Uber sues NYC Taxi & Limo Commission to block driver wage hike
Uber Technologies Inc. has sued the New York City Taxi & Limousine Commission to block an increase in rates it must pay drivers that was approved last month, calling them “dramatic, unprecedented and unsupported hikes.”
The commission on Nov. 15 approved the first increase in metered fares since 2012, including increases in per-mile and per-minute rates for Uber and Lyft Inc. drivers. In a lawsuit filed on Friday in New York state court, Uber said it would be forced to spend an additional $21 million to $23 million a month if the rule goes into effect on Dec. 19, which it wouldn’t be able to recover unless it raised rider fares.
“Such a significant fare hike, right before the holidays, would irreparably damage Uber’s reputation, impair goodwill, and risk permanent loss of business and customers,” Uber said in its suit. The company said the commission suddenly switched to a “volatile inflation index for a one-time increase that makes no sense, and that is a drastic departure from the Commission’s past practice or any rational approach.”
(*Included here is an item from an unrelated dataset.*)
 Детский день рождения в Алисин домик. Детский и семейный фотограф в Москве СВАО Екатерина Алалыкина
Taxi & Limousine Commissioner David Do said in a statement that the city must “stand behind our workers without traditional employment protections.”
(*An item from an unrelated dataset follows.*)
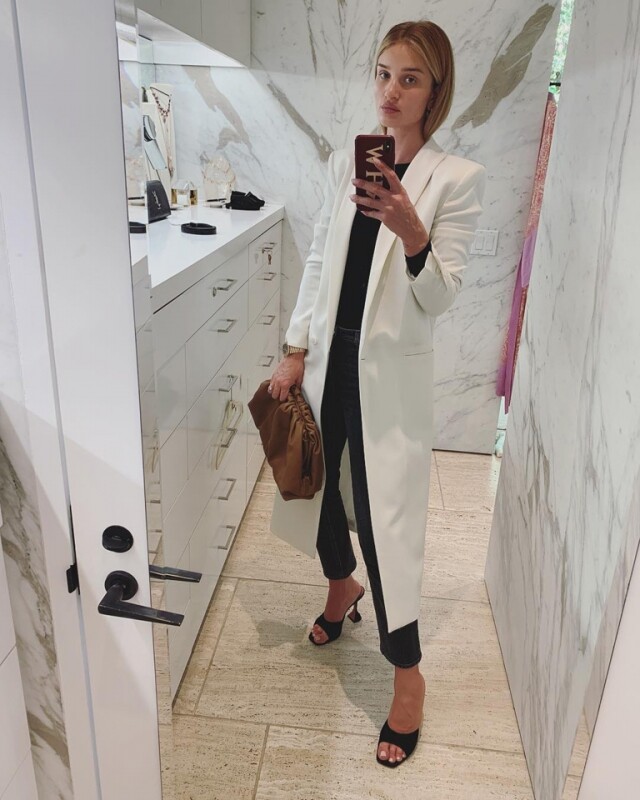 即使是一件西裝外套也能做出無限變化,像是 Oversized 版型的西裝外套 即使是一件西裝外套也能做出無限變化,像是 Oversized 版型的西裝外套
“New York City leads the nation in protecting drivers, and this important rule reflects that reality,” Do said. “We are confident that we are well within our legal authority in implementing this important rule, and we are vigorously fighting this lawsuit.”
The potential for the additional cost to be passed down to riders comes at a time when prices for ride-hailing are still at historical highs. The cost of an Uber ride was 37% higher in September compared to 2019, according to data analytics firm YipitData. In November, Uber Chief Executive Officer Dara Khosrowshahi told Bloomberg he thinks elevated prices may be here to stay.
“With this latest rulemaking, on top of the annual inflation adjustment, the TLC is choosing to invent a new methodology that locks in this summer’s high gas prices in perpetuity with a ‘mid-year’ adjustment that takes place 12 days before the end of the year,” an Uber spokesman said in a statement. He added that the TLC “should have followed its usual annual adjustment and instituted a temporary gas surcharge when gas prices were actually elevated.”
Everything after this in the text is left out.